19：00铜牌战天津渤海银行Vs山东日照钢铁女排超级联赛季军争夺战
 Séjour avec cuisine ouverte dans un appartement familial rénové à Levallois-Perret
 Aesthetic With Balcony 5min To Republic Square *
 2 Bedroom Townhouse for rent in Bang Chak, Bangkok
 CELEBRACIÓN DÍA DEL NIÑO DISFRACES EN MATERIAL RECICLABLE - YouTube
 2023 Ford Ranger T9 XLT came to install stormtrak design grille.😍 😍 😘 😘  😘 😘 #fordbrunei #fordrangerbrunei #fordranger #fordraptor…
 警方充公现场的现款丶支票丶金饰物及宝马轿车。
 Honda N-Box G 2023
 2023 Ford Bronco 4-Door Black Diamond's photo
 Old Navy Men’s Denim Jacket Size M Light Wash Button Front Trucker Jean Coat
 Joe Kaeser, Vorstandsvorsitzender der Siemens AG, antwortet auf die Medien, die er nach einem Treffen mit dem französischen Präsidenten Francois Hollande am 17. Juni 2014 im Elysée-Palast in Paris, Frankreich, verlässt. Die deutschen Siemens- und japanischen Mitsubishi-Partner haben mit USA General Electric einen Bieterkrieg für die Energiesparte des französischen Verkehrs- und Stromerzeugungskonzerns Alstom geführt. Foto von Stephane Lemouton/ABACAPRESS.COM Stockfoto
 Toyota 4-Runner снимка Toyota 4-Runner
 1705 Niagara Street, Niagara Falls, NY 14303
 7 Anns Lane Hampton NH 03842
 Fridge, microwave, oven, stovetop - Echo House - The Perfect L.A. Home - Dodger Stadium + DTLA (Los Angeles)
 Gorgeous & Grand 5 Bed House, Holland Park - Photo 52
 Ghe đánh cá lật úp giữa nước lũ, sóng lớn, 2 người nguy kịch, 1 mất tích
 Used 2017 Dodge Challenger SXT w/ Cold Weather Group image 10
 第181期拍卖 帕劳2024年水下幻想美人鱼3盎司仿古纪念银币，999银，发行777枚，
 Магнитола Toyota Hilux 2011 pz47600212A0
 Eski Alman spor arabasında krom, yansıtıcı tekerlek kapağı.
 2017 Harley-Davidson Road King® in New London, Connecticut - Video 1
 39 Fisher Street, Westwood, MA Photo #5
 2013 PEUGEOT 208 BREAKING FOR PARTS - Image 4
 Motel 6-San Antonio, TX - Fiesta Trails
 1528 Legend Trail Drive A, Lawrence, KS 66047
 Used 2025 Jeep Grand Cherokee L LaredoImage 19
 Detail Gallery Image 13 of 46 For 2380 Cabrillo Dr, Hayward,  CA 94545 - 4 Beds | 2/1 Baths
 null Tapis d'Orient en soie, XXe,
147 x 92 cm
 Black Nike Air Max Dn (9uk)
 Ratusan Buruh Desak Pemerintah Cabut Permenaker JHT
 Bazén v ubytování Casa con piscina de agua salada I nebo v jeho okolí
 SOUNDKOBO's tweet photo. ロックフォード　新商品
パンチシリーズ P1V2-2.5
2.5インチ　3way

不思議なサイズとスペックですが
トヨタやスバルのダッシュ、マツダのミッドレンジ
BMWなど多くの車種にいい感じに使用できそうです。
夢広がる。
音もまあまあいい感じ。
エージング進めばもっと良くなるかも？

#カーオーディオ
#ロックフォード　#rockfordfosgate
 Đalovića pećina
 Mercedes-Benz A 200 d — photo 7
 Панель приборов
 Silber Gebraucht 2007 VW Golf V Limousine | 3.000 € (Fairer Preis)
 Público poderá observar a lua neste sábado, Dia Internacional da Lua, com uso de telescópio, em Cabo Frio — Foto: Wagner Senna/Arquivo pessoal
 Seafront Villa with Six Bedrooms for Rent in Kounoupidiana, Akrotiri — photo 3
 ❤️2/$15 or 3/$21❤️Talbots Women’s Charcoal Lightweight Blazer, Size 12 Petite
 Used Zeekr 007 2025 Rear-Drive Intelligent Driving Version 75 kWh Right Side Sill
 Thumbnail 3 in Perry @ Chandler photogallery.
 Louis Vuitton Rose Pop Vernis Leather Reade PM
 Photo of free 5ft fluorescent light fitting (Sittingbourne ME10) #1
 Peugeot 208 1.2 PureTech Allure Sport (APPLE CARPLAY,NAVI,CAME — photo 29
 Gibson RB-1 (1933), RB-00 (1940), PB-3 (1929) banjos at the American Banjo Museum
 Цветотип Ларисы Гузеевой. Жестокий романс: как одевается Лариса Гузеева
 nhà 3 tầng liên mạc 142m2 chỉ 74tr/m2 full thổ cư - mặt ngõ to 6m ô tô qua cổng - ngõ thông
──────
Exercise brief ▸
Using the listing above, please repeat every entry exactly.

Output for this exercise ▸
19：00铜牌战天津渤海银行Vs山东日照钢铁女排超级联赛季军争夺战
 Séjour avec cuisine ouverte dans un appartement familial rénové à Levallois-Perret
 Aesthetic With Balcony 5min To Republic Square *
 2 Bedroom Townhouse for rent in Bang Chak, Bangkok
 CELEBRACIÓN DÍA DEL NIÑO DISFRACES EN MATERIAL RECICLABLE - YouTube
 2023 Ford Ranger T9 XLT came to install stormtrak design grille.😍 😍 😘 😘  😘 😘 #fordbrunei #fordrangerbrunei #fordranger #fordraptor…
 警方充公现场的现款丶支票丶金饰物及宝马轿车。
 Honda N-Box G 2023
 2023 Ford Bronco 4-Door Black Diamond's photo
 Old Navy Men’s Denim Jacket Size M Light Wash Button Front Trucker Jean Coat
 Joe Kaeser, Vorstandsvorsitzender der Siemens AG, antwortet auf die Medien, die er nach einem Treffen mit dem französischen Präsidenten Francois Hollande am 17. Juni 2014 im Elysée-Palast in Paris, Frankreich, verlässt. Die deutschen Siemens- und japanischen Mitsubishi-Partner haben mit USA General Electric einen Bieterkrieg für die Energiesparte des französischen Verkehrs- und Stromerzeugungskonzerns Alstom geführt. Foto von Stephane Lemouton/ABACAPRESS.COM Stockfoto
 Toyota 4-Runner снимка Toyota 4-Runner
 1705 Niagara Street, Niagara Falls, NY 14303
 7 Anns Lane Hampton NH 03842
 Fridge, microwave, oven, stovetop - Echo House - The Perfect L.A. Home - Dodger Stadium + DTLA (Los Angeles)
 Gorgeous & Grand 5 Bed House, Holland Park - Photo 52
 Ghe đánh cá lật úp giữa nước lũ, sóng lớn, 2 người nguy kịch, 1 mất tích
 Used 2017 Dodge Challenger SXT w/ Cold Weather Group image 10
 第181期拍卖 帕劳2024年水下幻想美人鱼3盎司仿古纪念银币，999银，发行777枚，
 Магнитола Toyota Hilux 2011 pz47600212A0
 Eski Alman spor arabasında krom, yansıtıcı tekerlek kapağı.
 2017 Harley-Davidson Road King® in New London, Connecticut - Video 1
 39 Fisher Street, Westwood, MA Photo #5
 2013 PEUGEOT 208 BREAKING FOR PARTS - Image 4
 Motel 6-San Antonio, TX - Fiesta Trails
 1528 Legend Trail Drive A, Lawrence, KS 66047
 Used 2025 Jeep Grand Cherokee L LaredoImage 19
 Detail Gallery Image 13 of 46 For 2380 Cabrillo Dr, Hayward,  CA 94545 - 4 Beds | 2/1 Baths
 null Tapis d'Orient en soie, XXe,
147 x 92 cm
 Black Nike Air Max Dn (9uk)
 Ratusan Buruh Desak Pemerintah Cabut Permenaker JHT
 Bazén v ubytování Casa con piscina de agua salada I nebo v jeho okolí
 SOUNDKOBO's tweet photo. ロックフォード　新商品
パンチシリーズ P1V2-2.5
2.5インチ　3way

不思議なサイズとスペックですが
トヨタやスバルのダッシュ、マツダのミッドレンジ
BMWなど多くの車種にいい感じに使用できそうです。
夢広がる。
音もまあまあいい感じ。
エージング進めばもっと良くなるかも？

#カーオーディオ
#ロックフォード　#rockfordfosgate
 Đalovića pećina
 Mercedes-Benz A 200 d — photo 7
 Панель приборов
 Silber Gebraucht 2007 VW Golf V Limousine | 3.000 € (Fairer Preis)
 Público poderá observar a lua neste sábado, Dia Internacional da Lua, com uso de telescópio, em Cabo Frio — Foto: Wagner Senna/Arquivo pessoal
 Seafront Villa with Six Bedrooms for Rent in Kounoupidiana, Akrotiri — photo 3
 ❤️2/$15 or 3/$21❤️Talbots Women’s Charcoal Lightweight Blazer, Size 12 Petite
 Used Zeekr 007 2025 Rear-Drive Intelligent Driving Version 75 kWh Right Side Sill
 Thumbnail 3 in Perry @ Chandler photogallery.
 Louis Vuitton Rose Pop Vernis Leather Reade PM
 Photo of free 5ft fluorescent light fitting (Sittingbourne ME10) #1
 Peugeot 208 1.2 PureTech Allure Sport (APPLE CARPLAY,NAVI,CAME — photo 29
 Gibson RB-1 (1933), RB-00 (1940), PB-3 (1929) banjos at the American Banjo Museum
 Цветотип Ларисы Гузеевой. Жестокий романс: как одевается Лариса Гузеева
 nhà 3 tầng liên mạc 142m2 chỉ 74tr/m2 full thổ cư - mặt ngõ to 6m ô tô qua cổng - ngõ thông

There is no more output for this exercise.